CourtD.C. Court of Appeals

Keith A. O'Donnell, Asst. U. S. Atty., Washington, D. C., with whom Charles F. C. Ruff, U. S. Atty., John A. Terry and Deborah A. Robinson, Asst. U. S. Attys., Washington, D. C., were on the brief, for appellant.

Nicholas M. W. Di Bella, Landover, Md., appointed by the court, for appellee.

Before KERN, MACK and PRYOR, Associate Judges.

PRYOR, Associate Judge:

The government appeals from a post-verdict judgment of acquittal granted in favor of appellee vacating a jury finding of guilty of possession of narcotics in violation of D.C. Code 1973, § 33-402. The court's ruling was founded on the premise that the evidence was insufficient to establish appellee's dominion and control over the heroin seized in this case. The government seeks reversal contending that the court erred in its ruling. We agree. Accordingly, we reverse the court's grant of appellee's motion for judgment of acquittal and order that the jury verdict be reinstated.

I

In establishing its case of possession of narcotics against appellee and her codefendant, Willie Yelverton, the government presented the testimony of several Metropolitan Police Officers. On November 8, 1979, at about 3:00 a. m., Officers Francis and Starliper were engaged in narcotics surveillance in the 1300 block of U Street, N.W. They observed, from a distance of 50 to 75 feet, with the aid of binoculars, what appeared to be two narcotic transactions. The first involved an unknown man who approached appellee. After a brief conversation, appellee handed a small object to the man and, in turn, received a sum of money. Appellee subsequently walked approximately ten feet to the codefendant and gave him the money she had just received. She then returned to her original location.

Several minutes later, appellee was approached by an unidentified woman. The two engaged in a brief conversation, and then joined Yelverton, who was standing nearby. All three parties were involved in yet a second discussion. Yelverton left the women, walking a few feet to some stairs in front of 1338 U Street. He picked up a white paper bag, removed a small object from it, and returned the bag to its original position at the bottom of the stairs. Yelverton then walked back to appellee and the other woman; he gave the small object to the unknown female and in return received some money. Although appellee was not involved in the exchange of items, she was present when the second transaction took place.

At that point, a description of both appellee and her codefendant, as well as the location of the white paper bag from which Yelverton retrieved the small object, was transmitted by Officer Francis to Officer Falkosky and his partner, Officer Alman.

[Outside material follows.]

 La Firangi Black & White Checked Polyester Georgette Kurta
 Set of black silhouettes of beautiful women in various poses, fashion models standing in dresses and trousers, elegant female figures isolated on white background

Shortly thereafter, appellee and Yelverton were placed under arrest in front of 1338 U Street. Officer Falkosky also recovered the white paper bag from the bottom of the stairs of that building. It contained three smaller glassine bags of a substance that was later determined to be heroin.

At trial appellee denied both the possession and sale of narcotics. She also stated that she had not assisted anyone else in the sale of narcotics. She presented three other witnesses who testified that they were in the 1300 block of U Street at the time in question, but did not see appellee engage in any narcotic transactions.

Appellee was found guilty as charged by a jury. She subsequently filed a motion for judgment of acquittal pursuant to Super.Ct. Cr.R. 29(c).1 In granting appellee's motion, the court vacated the jury verdict, from which the government appeals pursuant to D.C.Code 1973, § 11-721(a)(1).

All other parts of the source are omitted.